The backlash got so bad that Bioware released DLC that completely changed the ending. Of course, just as many fans were upset over the new ending and it’s generally agreed that while better, the new ending is still crap.
2 Fallout 3
Before Mass Effect 3’s infamous ending, there was Fallout 3’s.The objective of the game is to get a water purifier running. In the end, you defeat all the enemies and you get to turn the purifier on, but there’s a problem. The room with the button is full of deadly levels of radiation. For whatever reason, you have to go in yourself and hit the button. You can’t decide to not go in and ignore it, you can’t send someone else, and you can’t send in your companion, Fawkes, who is immune to radiation. It has to be you and you have no say in the matter. Sure enough, you go in, push the button, and die. Game over, the end.
Once again the backlash was so severe that Bethesda released a new piece of DLC, Broken Steal, which changed the ending. Now you could send someone else in, including Fawkes, and you end up surviving. But they were clearly bitter about the backlash, as sending Fawkes in will result in him moralizing you about how it’s supposed to be your destiny and how you’re throwing your father’s legacy away by not sacrificing yourself for literally no reason.
1 Dead Rising 4
The ending of the base game of Dead Rising 4 is okay, nothing revolutionary, but it gets the job done. It features the usual series protagonist, Frank, sacrificing himself so his new friends can survive a zombie apocalypse. It’s sad, but a decent enough ending.

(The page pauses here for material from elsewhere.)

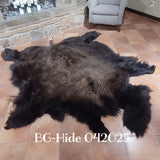 Bison (Buffalo) Hide / Robes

So why is it on the list? Because like previous Dead Rising games, there is one “true” ending to Dead Rising 4 and it’s locked behind paid DLC. That’s right, if you want to get the real, canonical ending, you have to buy a piece of downloadable content. Also locked away in this DLC is a timed mode, the gameplay mechanic that made the series famous in the first place. This ending shows Frank actually surviving and having to find a way to escape.
It really shows how bad the AAA industry has gotten that it has to make people pay an additional fee to get the real ending of a game. Maybe that’s their way of incorporating player choice into the game. Obviously, your choice should probably be to not buy the game at all.